Policy guidelines on the matter, he claimed, have always been followed.

The DDI, however, claimed inaccurately, that only a few of the officers listed in the story as having overshot the prescribe age limit and years of service are still in the Armed Forces.

SaharaReporters’ investigations showed that what led to the reduction in the number was the move by the Navy to quickly disengage all its officers named in the story.

The cull, SaharaReporters was reliably told, will be followed by another one affecting brilliant young officers considered as threats to the positions of the service chiefs and their candidates occupying positions into which younger and money competent officers should, by right, move into. As a result, panic has gripped the ranks of young officers, who seem set to be thrown out the Armed Forces for nothing other than being competent and to make candidates of the service chiefs breathe more easily in positions they inappropriately occupy.

The service chiefs, SaharaReporters was also told, have been propping up their less qualified candidates to replace the generals that should have retired. This, we gathered, is being worked on in case the plan to retire more competent officers does not come to fruition.

Major-General Enenche’s claim that only a few beneficiaries of service career extension mentioned in the story remain is unlikely to stand any scrutiny. SaharaReporters’ investigation showed that Major General JG Hamakim, a pharmacist, remains the Director-General of Nigerian Army Resource Centre. He has already overshot the age ceiling of 56 years, when Major-Generals must retire and clocked 35 years in service on 24 June. He is also widely considered of as not very conversant with field concepts, combat doctrinal maneuvers and applications.
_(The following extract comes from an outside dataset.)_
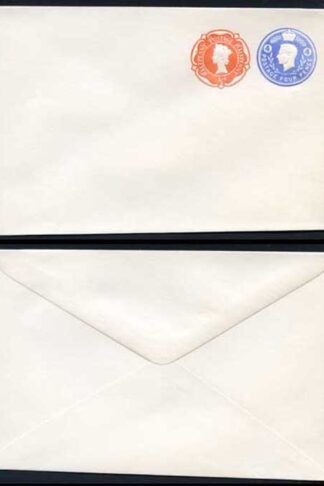 ESCP872 KGVI 4d and QEII 1/2d Compound Stamped to Order Envelope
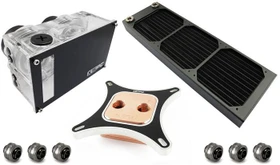 XSPC RayStorm Twin D5 AX360 WaterCooling Kit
Also in the same category is Major General AO Amusu, incumbent Commander, Nigerian Army Medical Corps. He equally clocked 35 years in service on 24 June and is deemed to be impeding the elevation of qualified officers, many of whom are consultant surgeons and with field experience in ECOMOG and other military operations.

In the Air Force is Air Vice-Marshal J Gbum, current Chief of Policy and Plans at Air Force Headquarters.  He is above 56 years, having been born on 15 May 1960, and has spent more than 35 years in service. He was commissioned on 12 September 1981.
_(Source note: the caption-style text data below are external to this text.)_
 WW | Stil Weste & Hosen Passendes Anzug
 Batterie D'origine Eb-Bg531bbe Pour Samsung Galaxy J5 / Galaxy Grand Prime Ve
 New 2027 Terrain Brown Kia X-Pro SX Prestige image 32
Similarly mentioned in the report published by SaharaReporters was Air Vice Marshal AA Iya, Chief of Training and Operations at Air Force Headquarters. He had started his terminal leave in September 2015 and was scheduled for final disengagement on 25 December 2015, when his course mate, Air Marshal Sadique Abubabkar, the Chief of Air Staff, recalled him and gave him a one-year extension. Born 25 December 1959, he is above the age limit of 56 years and was commissioned on 15 May 1982.